Perhaps we could start by saying that from a purely logical point of view, it would be incorrect to consider “near-death” experiences to happen near the moment of actual death, as accounts of them are always related by living people… Maybe this all has more to do with life than death. I would also like to note that Raymond Moody, whose book we will be citing, did not go so far as to state that the accounts he gathered were unambiguously conclusive evidence of the survival of the soul and life after death. He merely made a hypothesis and backed it up using the excellent testimonies he collected. 

You’ll have to admit that if you hadn’t known beforehand that the following accounts belonged to people who were at the edge of death, it would have been easy to assume that they were written by alive-and-well practitioners of out-of-body experience (OBE) or lucid dreams: 

(“Life after Life”, Raymond A. Moody) 

…I could feel myself moving out of my body and sliding down between the mattress and the rail on the side of the bed-actually it seemed as if I went through the rail-on down to the floor. Then, I started rising upward, slowly… 

(“Life after Life”, Raymond A. Moody) 

… At that point, I kind of lost my sense of time, and I lost my physical reality as far as my body is concerned-I lost touch with my body. My being or my self or my spirit, or whatever you would like to label it-I could sort of feel it rise out of me, out through my head. And it wasn’t anything that hurt, it was just sort of like a lifting and it being above me… 

(“Life after Life”, Raymond A. Moody) 

… I was above the table, and I could see everything they were doing. I knew that I was dying, that this would be it. Yet, I was concerned about my children, about who would take care of them. So, I was not ready to go… 

Conversely, when reading the experiences of lucid dreams, one might simply assume that they are descriptions of situations experienced at the moment of death, especially considering the fact that the feeling of imminent death is one of the most common sensations experienced while out-of-body. 
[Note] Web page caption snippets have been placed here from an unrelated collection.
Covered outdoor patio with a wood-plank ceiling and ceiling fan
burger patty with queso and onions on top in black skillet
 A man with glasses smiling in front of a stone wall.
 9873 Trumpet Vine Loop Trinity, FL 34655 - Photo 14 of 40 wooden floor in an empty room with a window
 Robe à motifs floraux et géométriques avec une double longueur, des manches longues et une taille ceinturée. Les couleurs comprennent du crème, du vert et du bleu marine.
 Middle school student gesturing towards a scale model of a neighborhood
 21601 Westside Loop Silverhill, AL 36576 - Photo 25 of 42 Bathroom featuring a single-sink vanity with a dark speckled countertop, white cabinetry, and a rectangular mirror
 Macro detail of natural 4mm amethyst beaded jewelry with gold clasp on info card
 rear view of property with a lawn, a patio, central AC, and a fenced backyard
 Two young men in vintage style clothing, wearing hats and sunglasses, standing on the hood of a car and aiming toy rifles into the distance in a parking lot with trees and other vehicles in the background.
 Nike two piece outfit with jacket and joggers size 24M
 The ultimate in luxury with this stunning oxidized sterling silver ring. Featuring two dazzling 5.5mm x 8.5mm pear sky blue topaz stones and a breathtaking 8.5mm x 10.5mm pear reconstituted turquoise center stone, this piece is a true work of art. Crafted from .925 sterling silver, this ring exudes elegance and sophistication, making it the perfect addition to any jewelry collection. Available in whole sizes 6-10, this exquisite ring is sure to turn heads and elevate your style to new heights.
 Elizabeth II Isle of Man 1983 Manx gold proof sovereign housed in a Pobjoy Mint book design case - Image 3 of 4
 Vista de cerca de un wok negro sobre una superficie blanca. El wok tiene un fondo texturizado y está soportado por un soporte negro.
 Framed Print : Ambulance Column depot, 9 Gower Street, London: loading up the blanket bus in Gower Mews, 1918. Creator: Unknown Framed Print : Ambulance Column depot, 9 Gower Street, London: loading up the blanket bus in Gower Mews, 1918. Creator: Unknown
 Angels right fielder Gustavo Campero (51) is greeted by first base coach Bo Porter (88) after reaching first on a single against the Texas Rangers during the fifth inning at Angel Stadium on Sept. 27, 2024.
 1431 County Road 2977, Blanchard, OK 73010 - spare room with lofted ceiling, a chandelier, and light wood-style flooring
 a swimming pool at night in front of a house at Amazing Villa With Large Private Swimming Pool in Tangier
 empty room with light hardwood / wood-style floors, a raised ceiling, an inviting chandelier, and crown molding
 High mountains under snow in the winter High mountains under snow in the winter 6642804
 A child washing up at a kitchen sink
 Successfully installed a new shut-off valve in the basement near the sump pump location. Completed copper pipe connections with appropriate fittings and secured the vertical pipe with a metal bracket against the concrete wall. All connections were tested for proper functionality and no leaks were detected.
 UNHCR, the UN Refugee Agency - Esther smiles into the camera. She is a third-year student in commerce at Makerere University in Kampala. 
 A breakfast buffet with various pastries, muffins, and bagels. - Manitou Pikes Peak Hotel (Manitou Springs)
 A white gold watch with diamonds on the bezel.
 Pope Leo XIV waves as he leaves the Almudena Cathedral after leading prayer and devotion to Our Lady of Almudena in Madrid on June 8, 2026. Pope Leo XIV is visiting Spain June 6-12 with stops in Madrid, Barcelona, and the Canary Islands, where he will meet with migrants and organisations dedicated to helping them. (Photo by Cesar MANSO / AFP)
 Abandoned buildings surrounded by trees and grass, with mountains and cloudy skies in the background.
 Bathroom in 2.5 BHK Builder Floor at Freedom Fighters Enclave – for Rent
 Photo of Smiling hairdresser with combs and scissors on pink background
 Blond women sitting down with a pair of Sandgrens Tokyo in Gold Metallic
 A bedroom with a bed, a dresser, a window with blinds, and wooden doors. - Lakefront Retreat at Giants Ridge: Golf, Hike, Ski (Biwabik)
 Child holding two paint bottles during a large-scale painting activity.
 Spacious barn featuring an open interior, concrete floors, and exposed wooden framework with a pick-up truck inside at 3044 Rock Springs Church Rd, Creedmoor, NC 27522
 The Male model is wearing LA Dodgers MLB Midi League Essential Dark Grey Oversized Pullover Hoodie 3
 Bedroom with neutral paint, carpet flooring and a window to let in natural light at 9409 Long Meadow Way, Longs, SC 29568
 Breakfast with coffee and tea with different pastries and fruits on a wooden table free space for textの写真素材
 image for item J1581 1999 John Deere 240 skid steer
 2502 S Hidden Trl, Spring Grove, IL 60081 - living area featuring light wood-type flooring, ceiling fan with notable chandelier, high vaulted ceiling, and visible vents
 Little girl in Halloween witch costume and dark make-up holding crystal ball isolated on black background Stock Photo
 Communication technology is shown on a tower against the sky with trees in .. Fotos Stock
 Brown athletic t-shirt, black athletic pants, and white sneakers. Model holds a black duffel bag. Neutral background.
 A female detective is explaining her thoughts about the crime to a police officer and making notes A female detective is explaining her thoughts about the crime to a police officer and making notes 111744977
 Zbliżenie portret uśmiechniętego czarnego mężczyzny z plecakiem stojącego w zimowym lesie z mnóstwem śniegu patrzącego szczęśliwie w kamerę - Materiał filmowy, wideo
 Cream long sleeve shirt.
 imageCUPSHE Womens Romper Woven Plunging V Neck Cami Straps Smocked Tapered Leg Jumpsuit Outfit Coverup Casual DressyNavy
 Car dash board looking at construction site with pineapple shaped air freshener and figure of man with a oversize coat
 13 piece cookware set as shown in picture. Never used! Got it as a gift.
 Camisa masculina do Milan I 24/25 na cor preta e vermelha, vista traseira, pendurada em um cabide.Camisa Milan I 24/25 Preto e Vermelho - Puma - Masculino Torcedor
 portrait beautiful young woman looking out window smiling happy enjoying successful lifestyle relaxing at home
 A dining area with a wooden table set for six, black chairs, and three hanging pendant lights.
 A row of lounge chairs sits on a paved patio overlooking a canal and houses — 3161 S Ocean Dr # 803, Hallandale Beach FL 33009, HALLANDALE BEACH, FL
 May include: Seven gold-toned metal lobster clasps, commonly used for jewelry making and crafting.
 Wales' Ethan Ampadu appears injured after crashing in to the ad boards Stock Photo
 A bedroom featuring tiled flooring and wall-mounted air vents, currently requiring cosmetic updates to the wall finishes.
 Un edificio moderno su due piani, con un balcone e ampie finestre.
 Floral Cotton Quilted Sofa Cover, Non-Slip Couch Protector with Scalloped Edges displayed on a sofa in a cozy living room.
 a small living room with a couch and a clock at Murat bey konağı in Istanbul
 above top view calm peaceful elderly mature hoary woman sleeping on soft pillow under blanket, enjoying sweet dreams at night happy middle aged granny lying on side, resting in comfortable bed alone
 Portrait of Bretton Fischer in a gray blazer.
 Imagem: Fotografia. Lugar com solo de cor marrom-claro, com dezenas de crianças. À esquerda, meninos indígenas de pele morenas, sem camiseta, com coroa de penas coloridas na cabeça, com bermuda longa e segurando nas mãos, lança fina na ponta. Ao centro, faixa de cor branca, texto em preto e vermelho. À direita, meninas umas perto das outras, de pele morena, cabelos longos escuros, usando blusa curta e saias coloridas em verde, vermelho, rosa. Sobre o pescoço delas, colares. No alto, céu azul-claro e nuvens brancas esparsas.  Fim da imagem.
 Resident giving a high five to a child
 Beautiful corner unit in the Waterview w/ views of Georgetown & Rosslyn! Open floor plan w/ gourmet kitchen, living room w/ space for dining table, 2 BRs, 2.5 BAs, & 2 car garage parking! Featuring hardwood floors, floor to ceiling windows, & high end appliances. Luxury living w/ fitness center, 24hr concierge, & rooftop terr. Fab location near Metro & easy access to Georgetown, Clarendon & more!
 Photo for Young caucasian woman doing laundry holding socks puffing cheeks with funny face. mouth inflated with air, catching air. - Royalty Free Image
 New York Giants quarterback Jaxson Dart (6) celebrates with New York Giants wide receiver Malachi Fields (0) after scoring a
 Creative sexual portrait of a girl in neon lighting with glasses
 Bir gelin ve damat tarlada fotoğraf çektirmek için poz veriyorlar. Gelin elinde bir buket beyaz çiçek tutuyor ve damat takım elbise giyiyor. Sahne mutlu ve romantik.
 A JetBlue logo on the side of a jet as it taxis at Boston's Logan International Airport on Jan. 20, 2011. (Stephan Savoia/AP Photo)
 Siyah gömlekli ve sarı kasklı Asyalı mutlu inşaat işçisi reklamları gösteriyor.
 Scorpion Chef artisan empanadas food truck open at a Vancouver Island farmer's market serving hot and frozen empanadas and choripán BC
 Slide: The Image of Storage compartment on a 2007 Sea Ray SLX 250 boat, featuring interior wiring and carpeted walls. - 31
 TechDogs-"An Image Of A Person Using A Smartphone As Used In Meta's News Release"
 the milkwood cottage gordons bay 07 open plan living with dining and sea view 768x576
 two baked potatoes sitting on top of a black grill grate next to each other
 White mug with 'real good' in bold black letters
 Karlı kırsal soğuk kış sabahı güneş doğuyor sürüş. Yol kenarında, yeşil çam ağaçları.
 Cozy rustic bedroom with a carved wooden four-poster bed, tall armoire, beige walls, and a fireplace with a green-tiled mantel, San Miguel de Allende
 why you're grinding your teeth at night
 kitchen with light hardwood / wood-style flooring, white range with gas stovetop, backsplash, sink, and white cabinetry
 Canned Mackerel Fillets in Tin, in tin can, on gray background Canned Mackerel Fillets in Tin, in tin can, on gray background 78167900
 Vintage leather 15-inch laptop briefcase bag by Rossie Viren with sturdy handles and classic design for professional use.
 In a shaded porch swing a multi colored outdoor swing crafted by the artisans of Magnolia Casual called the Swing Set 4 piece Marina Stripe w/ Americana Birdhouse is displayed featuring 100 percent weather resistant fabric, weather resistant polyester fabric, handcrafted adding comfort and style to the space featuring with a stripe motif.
During an uncontrolled exit from the body, that which you fear or expect the most is exactly what will happen to you. And that’s where reports of gods, flights of the soul, and UFOs come from. To put it simply, exit from the body occurs when the conscious mind is “on”, but the body is “off”. Apparently, the same thing can happen while under anesthesia or dying, and often does. That is, people fall into the same state that practitioners of out-of-body travel do. If you happened to find yourself in such a situation while on the operating table or during a serious illness, in the overwhelming majority of cases your thoughts would turn to God, angels, and a tunnel with a bright light at the end – which is exactly what you would get.